Un métier passionnant, des missions multiples
Didier est loin de faire partie des grands insatisfaits de cette profession qui connaît des départs massifs et un taux de suicides dramatiquement élevé. D’aussi loin qu’il se souvienne, le policier a toujours eu une vocation pour les métiers ayant trait à la sécurité. Il explique qu’il aurait tout aussi bien pu être pompier et que finalement, c’est la police qui lui a "ouvert grandement les portes". Il s’en félicite : il trouve son métier passionnant.
Un métier qui ne se résume pas à l’encadrement des manifestations. Les compagnies républicaines de sécurité emploient des spécialistes de la montagne, des maîtres-nageurs sauveteurs, des motards qui traquent les chauffards sur les autoroutes… Et ces professionnels du maintien de l’ordre assurent des missions extrêmement variées, telles que la garde de bâtiments publics ou religieux, le renfort auprès d’autres services et la sécurisation de quartiers difficiles.
Ils peuvent être déployés à Calais, pour appuyer leurs collègues qui tentent de lutter contre l’émigration illégale ou dans des cités pour tenter de freiner les trafics. Une unité de CRS peut être envoyée n’importe où en France.
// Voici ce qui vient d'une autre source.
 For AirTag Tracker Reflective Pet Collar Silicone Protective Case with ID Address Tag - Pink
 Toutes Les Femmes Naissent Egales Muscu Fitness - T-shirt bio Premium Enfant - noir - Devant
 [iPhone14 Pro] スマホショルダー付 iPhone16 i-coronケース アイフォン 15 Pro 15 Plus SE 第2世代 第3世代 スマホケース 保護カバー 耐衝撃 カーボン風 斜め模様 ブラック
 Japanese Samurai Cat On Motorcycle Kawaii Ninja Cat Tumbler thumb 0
L’éloignement a parfois pour avantage d’éviter qu’un fonctionnaire croise en bas de chez lui un individu avec qui il aurait eu maille à partir lors d’une opération.
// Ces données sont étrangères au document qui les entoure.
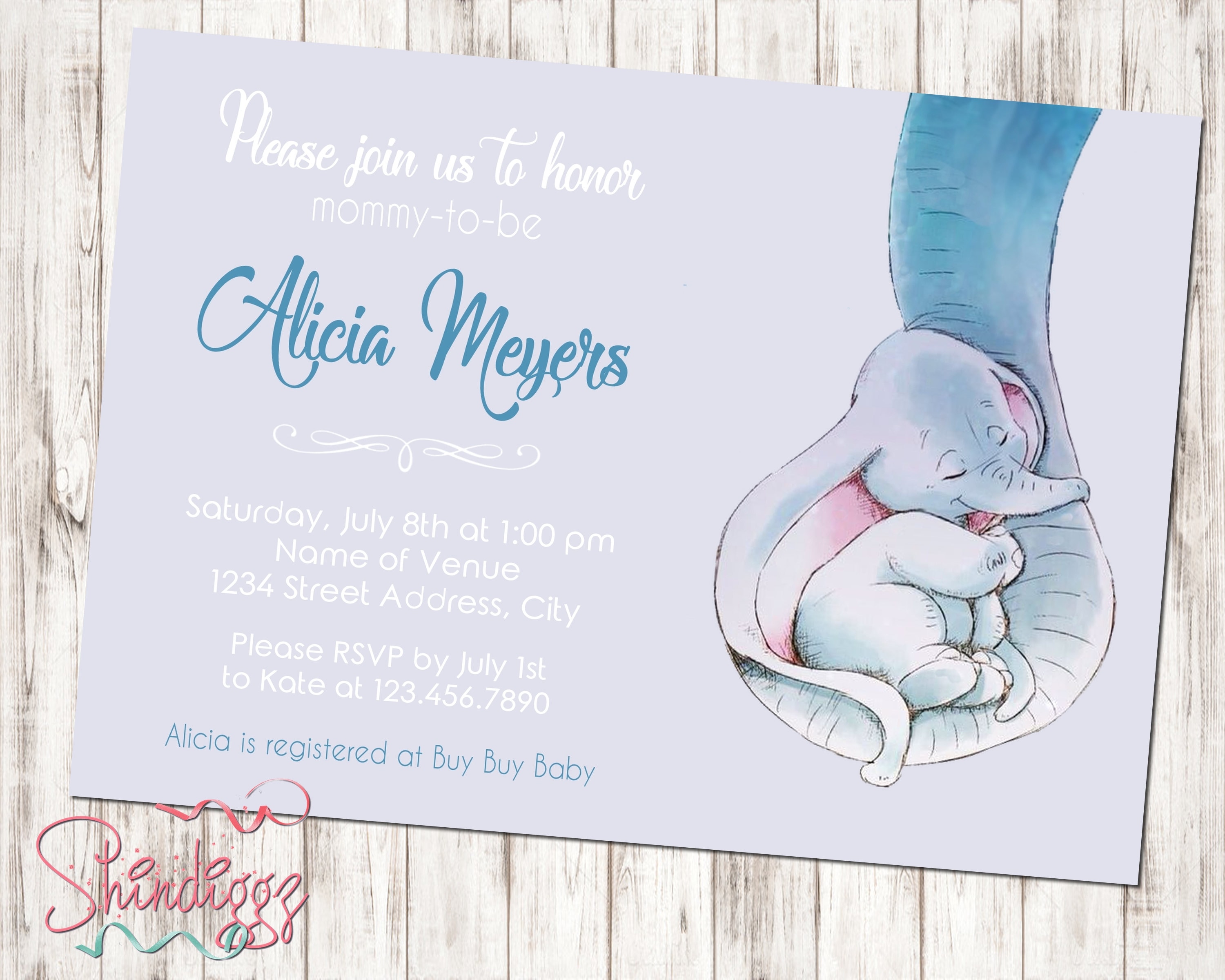 Dumbo Baby Shower Invitation Baby Dumbo Elephant Shower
Quand nous le rencontrons, Didier est en mission loin de chez lui. Toute sa compagnie est déployée dans des cités du sud de la France pour lutter contre le trafic de drogue. Il nous explique que les trafiquants méridionaux semblent plus réfléchis que ceux des cités franciliennes. Après quelques années passées en région parisienne, le policier a obtenu une mutation le rapprochant de sa région d’origine, mais il sait de quoi il parle.
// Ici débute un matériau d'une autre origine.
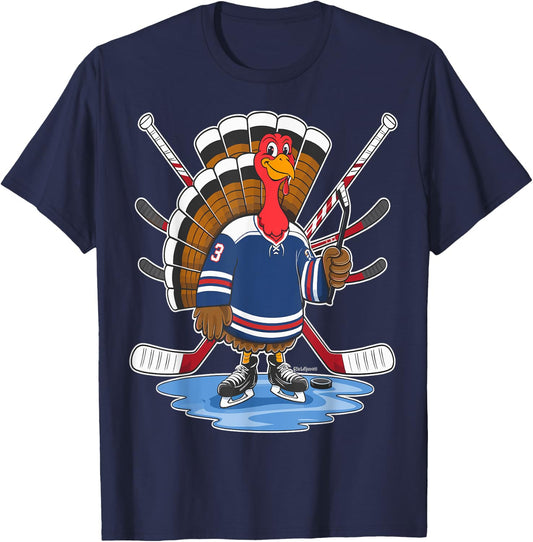 Thanksgiving Ice Hockey Turkey Day Sport Men Boys Kids T-Shirt - T-Shirt | Navy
Quand une unité de CRS débarque, en uniforme, en renfort de leurs collègues en civil, les délinquants du sud préfèrent se barricader et se cacher plutôt que de venir au contact. Ils préfèrent éviter des affrontements violents qui risqueraient de déclencher l’arrivée d’effectifs policiers en nombre beaucoup plus importants. Les forces de l’ordre font leur maximum pour tenter de ralentir les trafics.
Mais Didier déplore que le "reste de la société" et notamment la justice, ne suivent pas. Alors, "après certains moments particulièrement durs, avec les collègues, on se demande si ça vaut encore le coup. On voit l’évolution de la société et on se pose beaucoup de questions", explique-t-il.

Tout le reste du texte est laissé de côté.